Data excerpts:
*-*-*

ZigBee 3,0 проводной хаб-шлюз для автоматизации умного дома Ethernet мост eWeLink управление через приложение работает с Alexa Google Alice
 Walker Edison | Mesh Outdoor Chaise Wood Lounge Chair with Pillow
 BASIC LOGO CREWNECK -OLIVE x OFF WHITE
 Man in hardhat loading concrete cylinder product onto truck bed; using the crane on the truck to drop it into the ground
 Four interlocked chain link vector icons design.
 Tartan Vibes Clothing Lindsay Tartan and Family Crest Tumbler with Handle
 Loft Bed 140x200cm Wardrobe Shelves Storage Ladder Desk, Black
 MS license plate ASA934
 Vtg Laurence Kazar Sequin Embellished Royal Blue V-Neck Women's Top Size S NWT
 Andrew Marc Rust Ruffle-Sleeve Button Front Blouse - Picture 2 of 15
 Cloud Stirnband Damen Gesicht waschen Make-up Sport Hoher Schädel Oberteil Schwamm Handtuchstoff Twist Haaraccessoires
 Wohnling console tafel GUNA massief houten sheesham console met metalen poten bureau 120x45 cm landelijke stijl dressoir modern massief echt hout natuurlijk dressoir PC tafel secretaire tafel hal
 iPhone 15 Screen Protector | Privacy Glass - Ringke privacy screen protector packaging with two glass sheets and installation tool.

*-*-*

▸ **How to complete this task**
From the entries above, return exactly the line containing "Loft Bed 140x200cm", the line containing "Andrew Marc Rust", and all lines between, and nothing else.

▸ **Your response**
 Loft Bed 140x200cm Wardrobe Shelves Storage Ladder Desk, Black
 MS license plate ASA934
 Vtg Laurence Kazar Sequin Embellished Royal Blue V-Neck Women's Top Size S NWT
 Andrew Marc Rust Ruffle-Sleeve Button Front Blouse - Picture 2 of 15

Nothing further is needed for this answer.